• WHAT THE TASK REQUIRES: The output should be the listing below, limited to the lines from the one with "Stainless Steel Double" through the one with "LANE LINEN Cooling", exact and without pictures.

• WORKING DATA:
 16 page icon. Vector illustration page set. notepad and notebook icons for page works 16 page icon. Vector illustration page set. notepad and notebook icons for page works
* * *
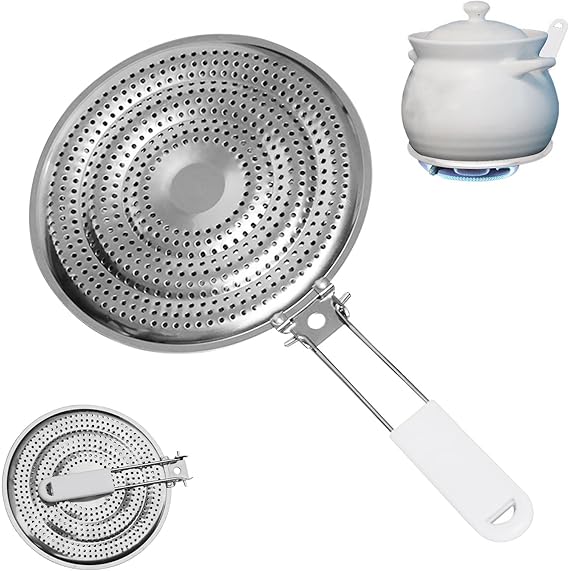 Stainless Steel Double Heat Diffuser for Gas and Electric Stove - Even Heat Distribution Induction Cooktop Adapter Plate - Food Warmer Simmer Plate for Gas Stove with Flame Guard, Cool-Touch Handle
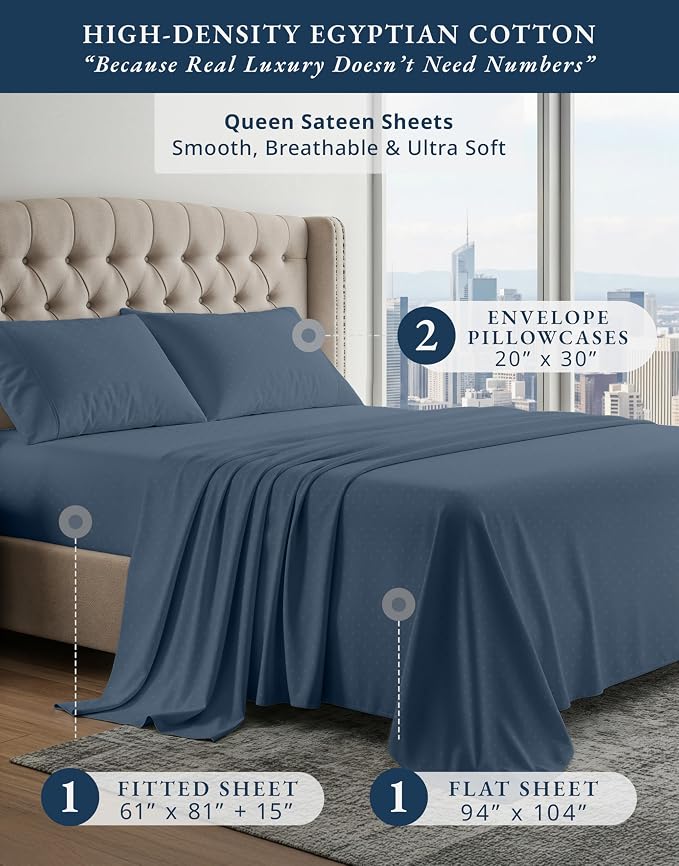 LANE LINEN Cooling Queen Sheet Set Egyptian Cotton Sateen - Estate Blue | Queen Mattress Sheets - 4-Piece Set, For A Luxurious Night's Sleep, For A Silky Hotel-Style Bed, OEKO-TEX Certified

• RESULT FOR THIS EXERCISE:
 Stainless Steel Double Heat Diffuser for Gas and Electric Stove - Even Heat Distribution Induction Cooktop Adapter Plate - Food Warmer Simmer Plate for Gas Stove with Flame Guard, Cool-Touch Handle
 LANE LINEN Cooling Queen Sheet Set Egyptian Cotton Sateen - Estate Blue | Queen Mattress Sheets - 4-Piece Set, For A Luxurious Night's Sleep, For A Silky Hotel-Style Bed, OEKO-TEX Certified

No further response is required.